Fri, 18 Feb 2005

Kyoto: The reality of climate change

George Monbiot, Guardian News Service, London

It is now mid-February, and already I have sown 11 species of vegetable in my garden here in England. I know, though the seed packets tell me otherwise, that they will flourish. Everything in the UK -- daffodils, primroses, almond trees, bumblebees, nesting birds -- is a month ahead of schedule. And it feels wonderful.

The freezes Britain suffered in 1982 and 1963 are, unless the Gulf Stream stops, unlikely to recur. British summers will be long and warm. Across most of the upper northern hemisphere, climate change, so far, has been kind to us.

And this is surely one of the reasons why we find it so hard to accept what the climatologists are now telling us. In our mythologies, an early spring is a reward for virtue. "For, lo, the winter is past," Solomon, the beloved of God, exults. "The rain is over and gone; The flowers appear on the earth; the time of the singing of birds is come." How can something which feels so good result from something so bad?

After 13 years of negotiation, the Kyoto protocol on climate change comes into force. No one believes that this treaty alone -- which commits 30 developed nations to reduce their greenhouse gas emissions by 4.8 percent -- will solve the problem.

It expires in 2012 and, thanks to U.S. sabotage, there has so far been no progress towards a replacement. It paroles the worst offenders, the U.S. and Australia, and imposes no limits on the gases produced by developing countries. The cuts it enforces are at least an order of magnitude too small to stabilize greenhouse gas concentrations at anything approaching a safe level. But even this feeble agreement is threatened by our complacency about the closing of the climatic corridor down which we walk.
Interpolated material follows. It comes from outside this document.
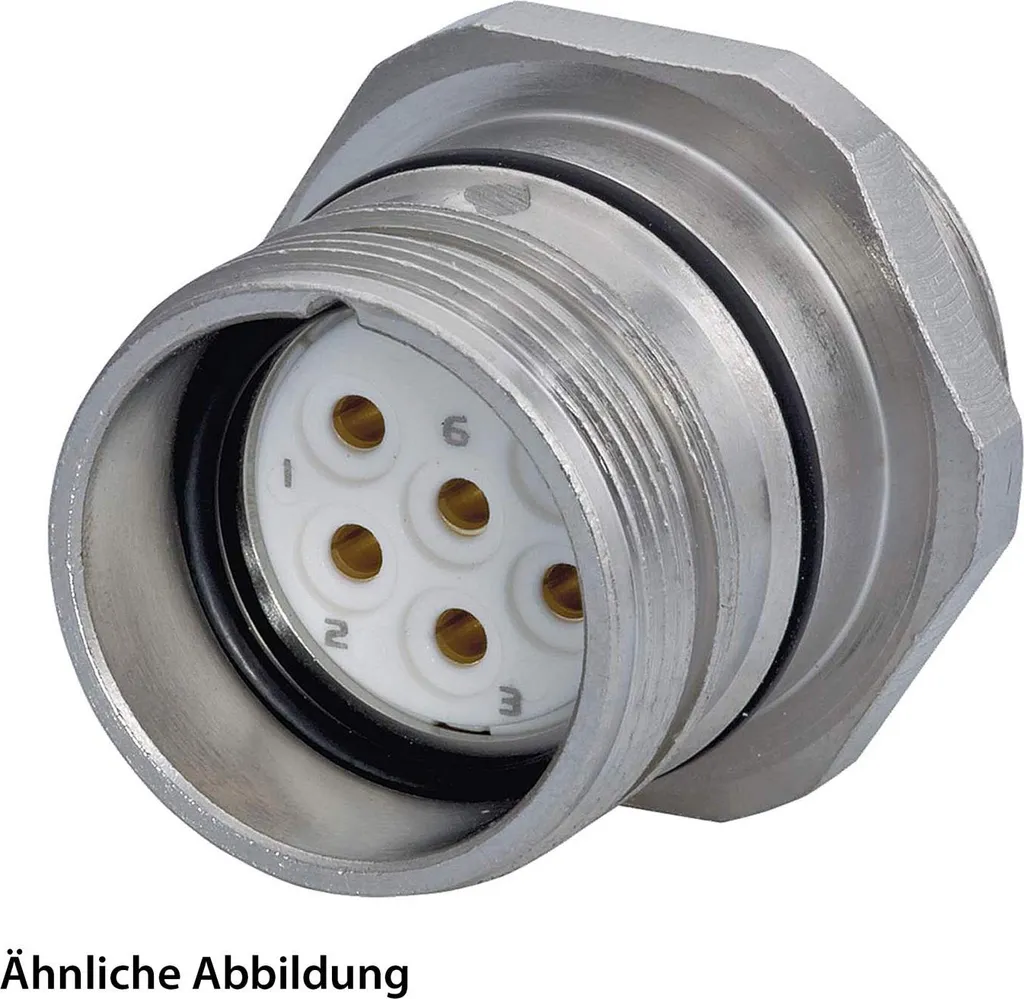 Set Connettore Circolare Hummel M23 9 Poli a Saldare - Originale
Why is this? Why are we transfixed by terrorism, yet relaxed about the collapse of the conditions that make our lives possible? One reason is surely the disjunction between our expectations and our observations. If climate change is to introduce horror into our lives, we would expect -- because throughout our evolutionary history we survived by finding patterns in nature -- to see that horror beginning to unfold. It is true that a few thousand people in the rich world have died as a result of floods and heatwaves. But the overwhelming sensation, experienced by all of us, almost every day, is that of being blessed by our pollution.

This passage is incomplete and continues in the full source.